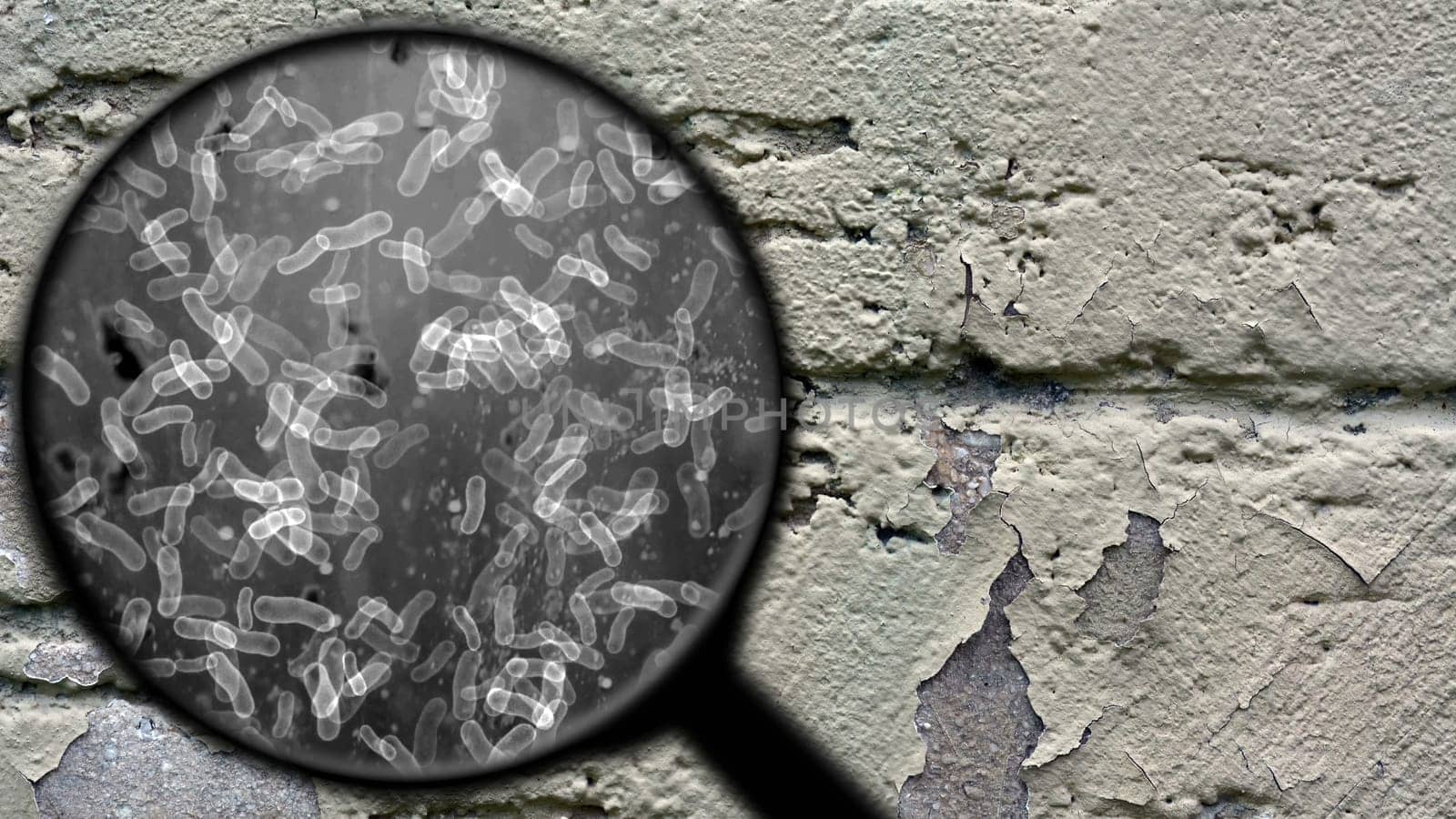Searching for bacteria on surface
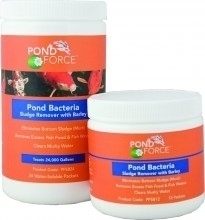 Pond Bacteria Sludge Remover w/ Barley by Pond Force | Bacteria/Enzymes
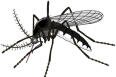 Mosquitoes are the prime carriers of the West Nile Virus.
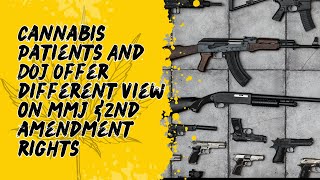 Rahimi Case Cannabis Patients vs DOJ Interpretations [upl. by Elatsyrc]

┄┄┄┄┄┄┄┄┄┄

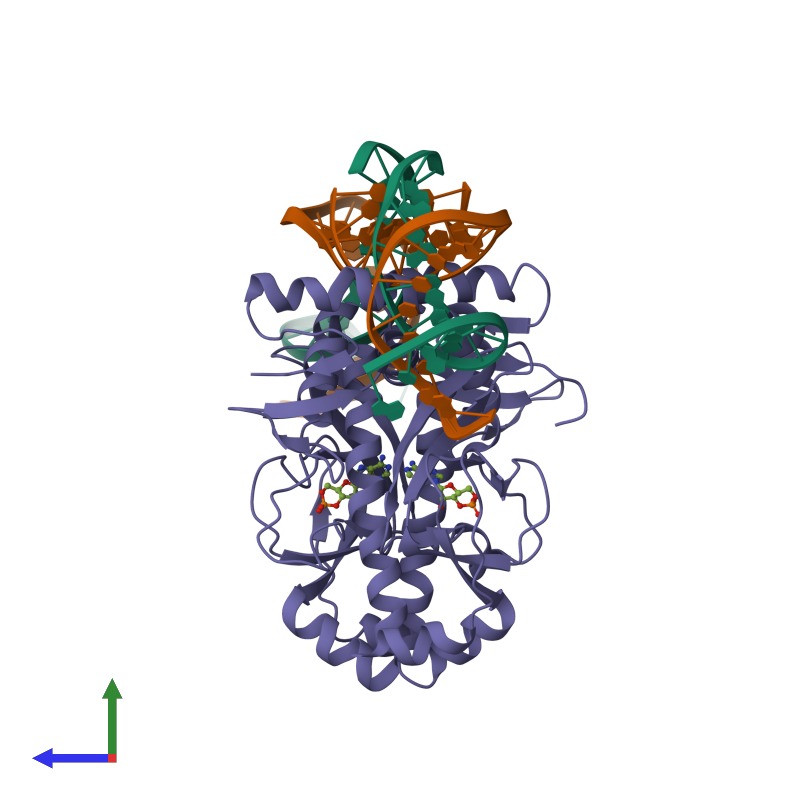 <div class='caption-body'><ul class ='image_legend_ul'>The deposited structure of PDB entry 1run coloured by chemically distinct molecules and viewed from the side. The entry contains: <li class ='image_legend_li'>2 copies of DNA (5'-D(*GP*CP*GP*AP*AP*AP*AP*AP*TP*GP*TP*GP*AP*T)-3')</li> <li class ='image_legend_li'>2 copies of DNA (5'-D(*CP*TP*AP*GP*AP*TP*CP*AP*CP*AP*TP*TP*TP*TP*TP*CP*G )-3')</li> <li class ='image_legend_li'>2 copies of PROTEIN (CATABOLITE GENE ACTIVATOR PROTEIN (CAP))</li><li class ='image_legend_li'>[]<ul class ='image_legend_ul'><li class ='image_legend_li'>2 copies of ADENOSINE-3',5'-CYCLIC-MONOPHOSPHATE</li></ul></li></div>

┄┄┄┄┄┄┄┄┄┄

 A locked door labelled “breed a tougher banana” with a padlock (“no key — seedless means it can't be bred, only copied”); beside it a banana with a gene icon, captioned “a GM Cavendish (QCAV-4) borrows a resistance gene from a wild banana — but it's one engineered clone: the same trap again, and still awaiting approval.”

┄┄┄┄┄┄┄┄┄┄

§ **REQUIREMENT**: Set down, exactly as written above, each line from the one with "Searching for bacteria on surface" through the one with "Rahimi Case Cannabis", and skip the pictures.

§ **YOUR RESPONSE**:
Searching for bacteria on surface
 Pond Bacteria Sludge Remover w/ Barley by Pond Force | Bacteria/Enzymes
 Mosquitoes are the prime carriers of the West Nile Virus.
 Rahimi Case Cannabis Patients vs DOJ Interpretations [upl. by Elatsyrc]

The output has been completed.